Bei der Truppe ist natürlich auch ein Theaterdichter; die Schauspieler nennen ihn unter sich den Stückeschreiber und haben die Ansicht von ihm, daß er nichts vom Theater versteht; und er selber findet, daß die Schauspieler mühsam von ihm abgerichtet werden und von dem, was sie am Abend sagen, keine Ahnung haben.

Der Dichter ist bekanntlich der berühmteste Mann von Italien. Der Sultan hat schon seit Jahren den Wunsch, ihn an seinen Hof zu ziehen, aber er ist Römer und bleibt Römer, er wird nie von Rom fortgehen, trotzdem man ihn in der Heimat natürlich nicht anerkennt, wie man eben nie einen großen Mann in Rom anerkannt hat. Einem – nun, wir wollen den Namen nicht nennen – wird das Geld ja nur so in den Schoß geworfen, weil er mit seinen Stücken den niedrigen Begierden der Masse schmeichelt; nun, er weiß sich zu trösten in seiner ehrenvollen Armut, er würde mit keinem tauschen, mit keinem.

Man hat ein neues Stück von ihm gegeben, mit ungeheurem Beifall natürlich. Die junge Eminenz war in einer Loge, dieser fürstliche Beschützer von Kunst und Wissenschaft, und hat seine höchste Begeisterung ausgedrückt; der Dichter bekommt für den nächsten Tag eine Einladung zum Mittagessen.

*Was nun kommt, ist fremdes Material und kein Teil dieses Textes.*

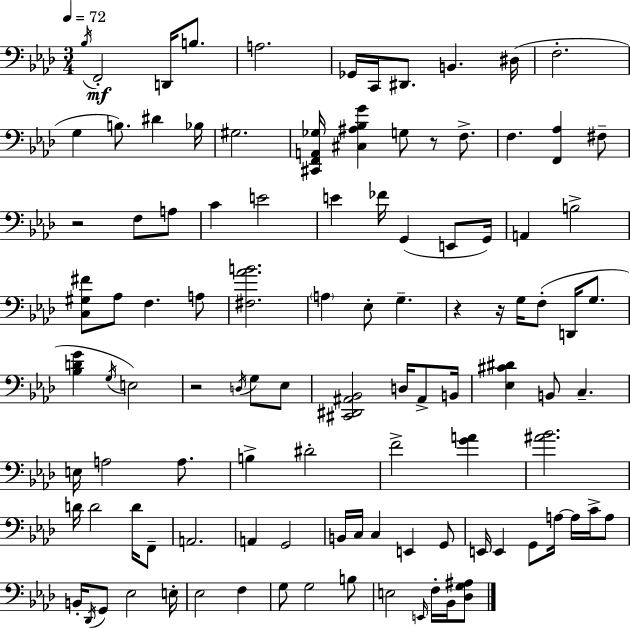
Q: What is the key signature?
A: F minor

Er geht zu Leander, zu Lelio, zu Flavio, zu Pantalon, zum Kapitän und borgt sich bei allen das Passende an Garderobe zusammen; die Schauspieler sind selber geschmeichelt durch die Einladung, denn sie sind es ja, die das Stück herausgerissen haben, und so helfen sie ihm, wie sie können; Silvie wäscht und plättet ihm Jabot und Manschetten, Isabelle frisiert ihn, der Kapitän näht ihm die aufgeplatzten Stiefel und schwärzt die geflickten Stellen, daß man sie nicht merkt, gar nicht; der Direktor borgt ihm seine silberne Schnupftabakdose, Coraline sogar gibt ihre Uhr her, die sie von ihrem Aristokraten geschenkt bekommen hat, die einzige Uhr, die es unter den Mitgliedern der Truppe gibt; sie bindet sie ihm auf die Seele, ihre Uhr, daß er sie nicht verliert oder sich stehlen läßt, denn eine Uhr bekommt man nur einmal im Leben geschenkt; sie zittert, als er gegangen ist, macht Flavio Vorwürfe, daß er es ihr nicht verboten hat, ihm die Uhr zu borgen, aber schließlich, sie hat sie ihm doch geborgt.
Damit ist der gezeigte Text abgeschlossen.